Task item:
Please copy every line below that contains the string "Used".

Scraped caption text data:
•••••

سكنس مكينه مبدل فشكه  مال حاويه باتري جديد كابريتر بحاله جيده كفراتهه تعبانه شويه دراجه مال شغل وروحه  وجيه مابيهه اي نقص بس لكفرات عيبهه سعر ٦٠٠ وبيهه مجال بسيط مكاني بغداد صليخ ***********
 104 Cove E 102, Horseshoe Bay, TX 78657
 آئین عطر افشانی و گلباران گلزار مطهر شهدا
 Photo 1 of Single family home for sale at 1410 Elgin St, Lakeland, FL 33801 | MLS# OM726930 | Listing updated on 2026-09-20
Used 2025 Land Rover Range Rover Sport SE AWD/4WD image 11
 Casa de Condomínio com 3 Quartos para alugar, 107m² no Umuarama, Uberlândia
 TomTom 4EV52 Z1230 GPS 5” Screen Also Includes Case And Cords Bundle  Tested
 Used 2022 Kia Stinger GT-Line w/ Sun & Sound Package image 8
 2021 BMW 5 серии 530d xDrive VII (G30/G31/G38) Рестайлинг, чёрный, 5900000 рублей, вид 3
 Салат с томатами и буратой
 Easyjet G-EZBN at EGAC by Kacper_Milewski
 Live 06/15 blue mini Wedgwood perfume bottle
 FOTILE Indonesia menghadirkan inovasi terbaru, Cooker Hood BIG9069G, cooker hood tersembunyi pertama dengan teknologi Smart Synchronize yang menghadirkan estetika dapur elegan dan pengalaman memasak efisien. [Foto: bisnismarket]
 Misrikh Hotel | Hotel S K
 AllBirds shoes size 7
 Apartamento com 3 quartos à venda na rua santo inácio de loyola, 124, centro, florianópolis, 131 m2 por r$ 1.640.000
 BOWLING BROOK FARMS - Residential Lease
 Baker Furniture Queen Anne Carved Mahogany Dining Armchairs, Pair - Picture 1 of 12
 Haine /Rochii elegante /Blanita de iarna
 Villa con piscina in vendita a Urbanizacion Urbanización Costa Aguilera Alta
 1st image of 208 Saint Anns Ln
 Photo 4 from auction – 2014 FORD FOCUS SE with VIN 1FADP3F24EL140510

•••••

Answer to this problem:
Used 2025 Land Rover Range Rover Sport SE AWD/4WD image 11
 Used 2022 Kia Stinger GT-Line w/ Sun & Sound Package image 8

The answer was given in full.